When the Church's historical summary was written--over eight decades ago--it already was described as "one of the oldest Japanese churches in Southern California."
The Japanese Americans settling in North Orange County had, for the most part, migrated here for agricultural work, helping the "peatlands" of Wintersburg become one of the celery capitals of America. Some had left Japan to avoid being drafted into the Imperial Army, others simply to find a better life. Some were Christian of various denominations and some were Buddhist.
The celery trains
The Los Angeles Herald reported on January 18, 1905, that the Southern Pacific Railroad was "running special trains loaded with celery and bound for eastern markets." The Herald noted 25 to 30 car loads left daily on the rail line running down to the Wintersburg celery fields and Smeltzer packing station in present-day north Huntington Beach.

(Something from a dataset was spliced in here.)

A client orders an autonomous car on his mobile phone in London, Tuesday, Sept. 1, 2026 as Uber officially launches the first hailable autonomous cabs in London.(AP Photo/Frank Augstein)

This also was the time of St. Louis' Louisiana Purchase Exposition, a World's Fair at which California again made a big impression on winter-fatigued easterners. In the same 1905 Los Angeles Herald edition, Charles L. Wilson, California's superintendent of the installation of exhibits at the Louisiana Purchase Exposition, was quoted "everywhere I heard people talking about California."
"When I left St. Louis, it was eight degrees below zero. It was fifteen below at Kansas City, and colder as we came through Kansas, with snow and sleet all the way to Needles, 300 miles east of Los Angeles," continued Wilson. Wilson's train arrived in San Bernardino at sunrise to clear, sunny skies. "People on the train who had never before gazed upon California scenery, and were a little doubtful of the truth of some of the glowing stories they had heard of the glorious southland, when they looked out of the car windows this morning were in ecstasies of delight..."

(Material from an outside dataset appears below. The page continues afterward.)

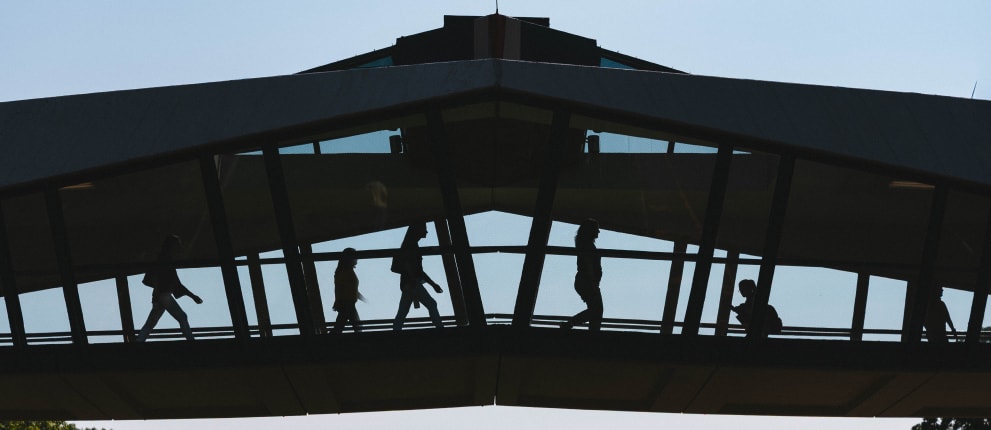 Silhouettes of people walking across the iconic unispan bridge, with sunlight highlighting their outlines against the bright sky.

The Herald also reported tourist travel to Southern California was growing, packing the Southern Pacific and Santa Fe railroads "to their fullest capacity. The larger hotels are rapidly filling up" and the Santa Fe "Pullman accommodations for lower berths on their limited out of Chicago have been exhausted..."

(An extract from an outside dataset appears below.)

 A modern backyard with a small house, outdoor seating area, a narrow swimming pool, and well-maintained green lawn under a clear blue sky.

Rev. Kikuchi's historical summary noted there were about 150 families in the immediate vicinity of Wintersburg. "... Most of them are dry chili pepper farmers-they raise half million dollars a year production from peppers. Also there are three bid (sic) gold fish farms owned by our church members." These would have been the gold fish farms of C.M. Furuta--who donated the land for the Mission--and the Asari and Akiyama families of Wintersburg.